The obvious win here is that there’s nothing new to learn, you can write your PDFs in HTML and CSS, and you can even reuse your existing views and partials (e.g. in Rails via render_to_string). In addition, gems such as Wicked PDF and PDFKit (no relation 🤭) provide a friendly Ruby wrapper around wkhtmltopdf to simplify usage and integration with Rails.

The downside of this approach is that PDF is not the DOM, so rendering issues do occur. These can be difficult to debug without resorting to good old trial and error.

There are other issues with wkhtmltopdf you might want to consider. In my own experience, a major drawback was high memory usage, even when rendering relatively modest multi-page documents. This would very often result in timeouts if not using a background job.

Prawn

Prawn clearly states that it is not an HTML to PDF generator. Instead, it can be thought of as a builder-like DSL for creating and manipulating PDFs, similar to what Jbuilder is to JSON.

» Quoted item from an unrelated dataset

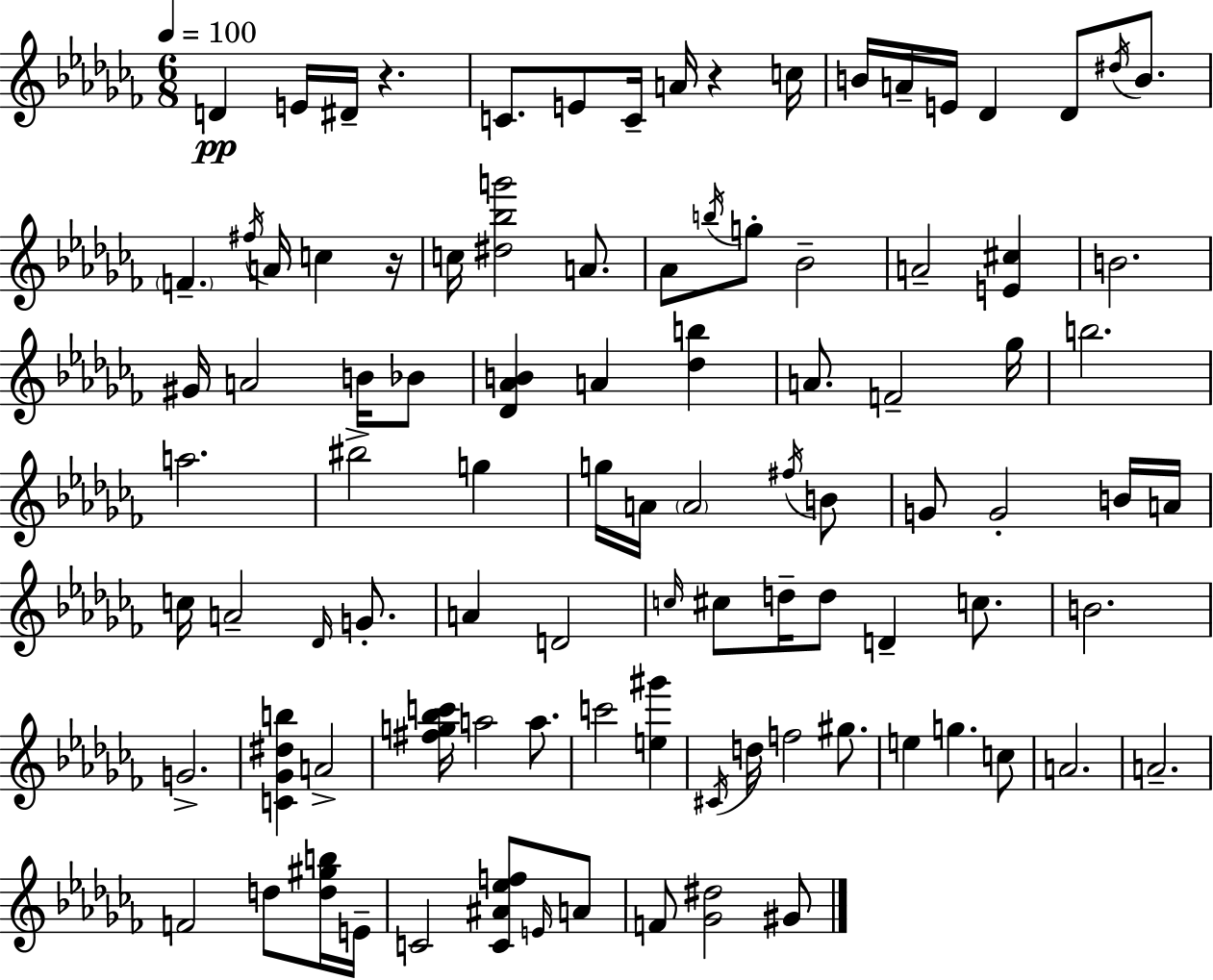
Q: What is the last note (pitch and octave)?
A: G#4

Our “Hello, World!” example using Prawn couldn’t be much simpler:

require 'prawn'

Prawn::Document.generate('hello.pdf') do
  text 'Hello World!'
end

Prawn gives you access to the nuts and bolts of PDF documents, from text rendering and drawing, to pages and navigation, with the ability to drop down to work directly with the PDF object tree if needed.

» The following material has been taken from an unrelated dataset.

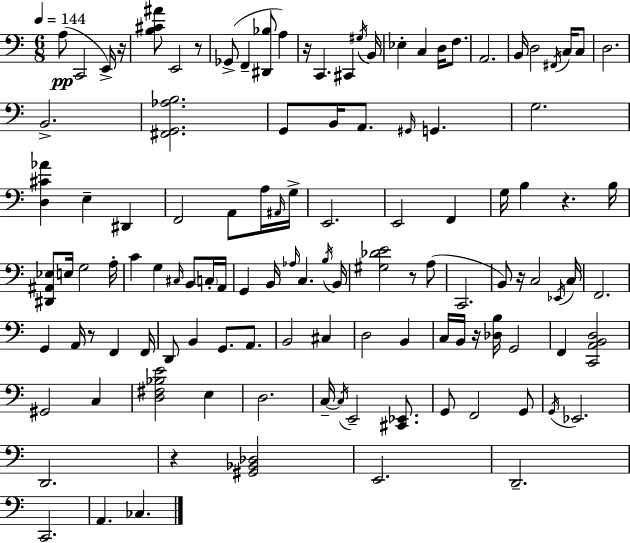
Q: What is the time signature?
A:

As you’d expect with this level of control, the API is rather large, making for a steeper learning curve. However, the documentation is excellent, with examples covering many common use cases.

Prawn also proves to be significantly faster and less memory-intensive than wkhtmltopdf.

HexaPDF

HexaPDF is a relative newcomer and it has a more procedural-style syntax that will be familiar to anyone who’s worked with 2D drawing APIs such as the HTML canvas element or Processing.

The “Hello, World!” example demonstrates this:

require 'hexapdf'

doc = HexaPDF::Document.new
canvas = doc.pages.add.canvas
canvas.font('Helvetica', size: 100)
canvas.text('Hello World!', at: [20, 400])
doc.write('hello.pdf', optimize: true)

Reviewing the API documentation, it’s clear that HexaPDF delves deep to handle some of the more arcane aspects of working with PDFs. Similar to wkhtmltopdf, it also ships with a CLI that’s handy for batch processing documents.

HexaPDF is open source (AGPL), but it requires a license for commercial use.

Other Languages

If you’re willing to look further afield, there are many non-Ruby options, two of which we’ll highlight here.

For fans of microservices, a modern take on the wkhtmltopdf approach is pdf-bot, a Node library for generating PDFs from HTML using headless Chrome. Where we might have shelled out to a CLI, we can instead post to an API endpoint. pdf-bot manages a job queue and sends a webhook to notify us when our PDF is ready. This post documents rolling your own similar solution using Puppeteer to control headless Chrome.

If you have access to the JVM (e.g. via JRuby), another solid option for HTML to PDF rendering is Flying Saucer. While it only supports CSS 2, with 10 years of development behind it, you can be fairly sure it handles all the edge cases. As a generic HTML/CSS renderer, it can also output other formats.

Third-Party APIs

There is an increasing number of web services that will handle your PDF (and other document) creation and processing needs for a price. Two of the leading ones for PDFs that also have Ruby libraries are DocRaptor and BreezyPDF. These services take all the headache out of the process, but, as with all third-party services, you’ll need to consider data security and uptime requirements.

Conclusion

So which option is best? The answer is, of course, that it depends!

If PDF in your app is just another format, such as a downloadable invoice or some printable data tables, and if you’re willing to compromise on pixel perfection, then HTML to PDF generation via wkhtmltopdf (or a more modern alternative) is hard to beat in terms of simplicity (OK, except maybe File > Print > Save as PDF 🤓).

If, on the other hand, you need more control, want to create more detailed and feature-rich documents, and generally use PDF to its full potential, then the steeper learning curve of Prawn or HexaPDF may be worth your time.